If so who does this, builder/engineer/council? 
Cheers,
Brad

----------


## nev25

> Couldn't find anything with the search function; I have a wall that i want to remove but don't know if it is structural.
> Is there someway i can tell or do i need to get someone in?
> If so who does this, builder/engineer/council? 
> Cheers,
> Brad

  All walls are structural?? 
Think you are asking is it load bearing!

----------


## seriph1

Hi Brad  -  As you do not already know how to ascertain whether the wall is load-bearing, the far-safest thing to do is get a quote from a good carpenter. he will not only inspect it but tell you what you're up against.

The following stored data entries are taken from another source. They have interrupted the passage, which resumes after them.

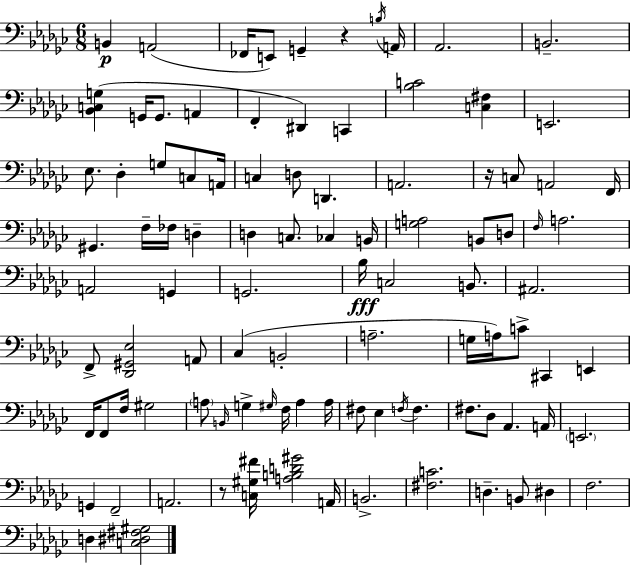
X:1
T:Untitled
M:6/8
L:1/4
K:Ebm
B,, A,,2 _F,,/4 E,,/2 G,, z B,/4 A,,/4 _A,,2 B,,2 [_B,,C,G,] G,,/4 G,,/2 A,, F,, ^D,, C,, [_B,C]2 [C,^F,] E,,2 _E,/2 _D, G,/2 C,/2 A,,/4 C, D,/2 D,, A,,2 z/4 C,/2 A,,2 F,,/4 ^G,, F,/4 _F,/4 D, D, C,/2 _C, B,,/4 [G,A,]2 B,,/2 D,/2 F,/4 A,2 A,,2 G,, G,,2 _B,/4 C,2 B,,/2 ^A,,2 F,,/2 [_D,,^G,,_E,]2 A,,/2 _C, B,,2 A,2 G,/4 A,/4 C/2 ^C,, E,, F,,/4 F,,/2 F,/4 ^G,2 A,/2 B,,/4 G, ^G,/4 F,/4 A, A,/4 ^F,/2 _E, F,/4 F, ^F,/2 _D,/2 _A,, A,,/4 E,,2 G,, F,,2 A,,2 z/2 [C,^G,^F]/4 [A,B,D^G]2 A,,/4 B,,2 [^F,C]2 D, B,,/2 ^D, F,2 D, [C,^D,^F,^G,]2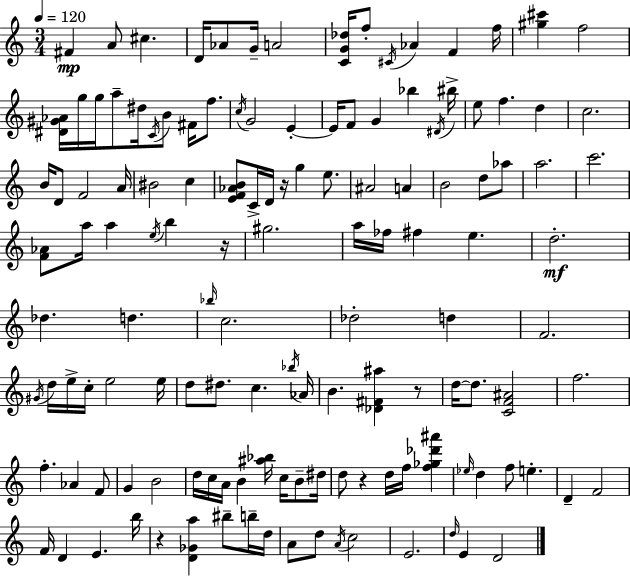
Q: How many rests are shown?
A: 5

If you must DIY, then I suggest you pay someone for their time to inspect. 
Also, in your post you don't mention the type of room or property you are in i.e. freestanding home and it is the loungeroom/diningroom that you want to make one room etc. 
Finally, I urge you to carefully consider removing the entire wall up to the ceiling  -  there are other practical and attractive solutions, depending on the style of home and what you're trying to achieve

----------


## GeoffW1

> Couldn't find anything with the search function; I have a wall that i want to remove but don't know if it is structural.
> Is there someway i can tell or do i need to get someone in?
> If so who does this, builder/engineer/council? 
> Cheers,
> Brad

  Hi, 
There are a few variables. What is the construction of your home eg brick veneer? 
Generally if you look in the roof space of a house and you see timber props, from the roof structure, resting on the top of a wall, it is load bearing. 
There is another type of roof structure where the weight of the roof is taken by the perimeter walls, and very little or none of the internal walls bear any load. 
I think you need to get someone in who can make these judgements. A builder would be ideal, he may not charge you much for a 1 hour visit. 
Also, your local council will indeed want to know about your alterations. 
Cheers

----------


## pawnhead

If it's stick framed, then I would imagine that there would at least be ceiling joists, or ceiling hangars supported by the wall, and perhaps some roof struts. But as GeoffW1 has mentioned, there may be nothing at all bearing down on the wall if it's a trussed roof. 
Climb into your roof space, take some pictures of the top of the wall, and post them here.  :Wink:

----------


## autogenous

There is hangers, UBs,ceiling joists and toms that could be utilising the wall as support.
You will need at least to support the ceiling. Its worth having a roof chippy with look at it even if you pay him to come and look at it for you. 
The results without understanding can be less than spectacular.

----------


## pawnhead

I wouldn't pay anyone until I've posted some pictures here. You may not need to do anything, and if it is stick framed, then there may be a simple solution to support whatever the wall is carrying. If the pictures are clear enough, then I could sketch up what you'd need to install before removing the wall.

----------


## Luxyboy

> I wouldn't pay anyone until I've posted some pictures here. You may not need to do anything, and if it is stick framed, then there may be a simple solution to support whatever the wall is carrying. If the pictures are clear enough, then I could sketch up what you'd need to install before removing the wall.

  I will have to get some pictures  :Wink:  
Two to get rid of: 
1# Basically i like the bigswing wooden floor to ceiling single front doors, however my front entry has a small protruding wall about a metre in depth which limits the width of the front entry that i can have. So i want to knock it down to make the entry way larger to accommodate a larger front door. 
2# Kitchen has an angled wall that defines the hallway but makes the kitchen look smaller. Kitchen is going to be completely renovated so i would like to remove this wall to make the kitchen even bigger/better looking.

----------


## dazzler

Do you have a house plan?  that would help.  :Smilie:

----------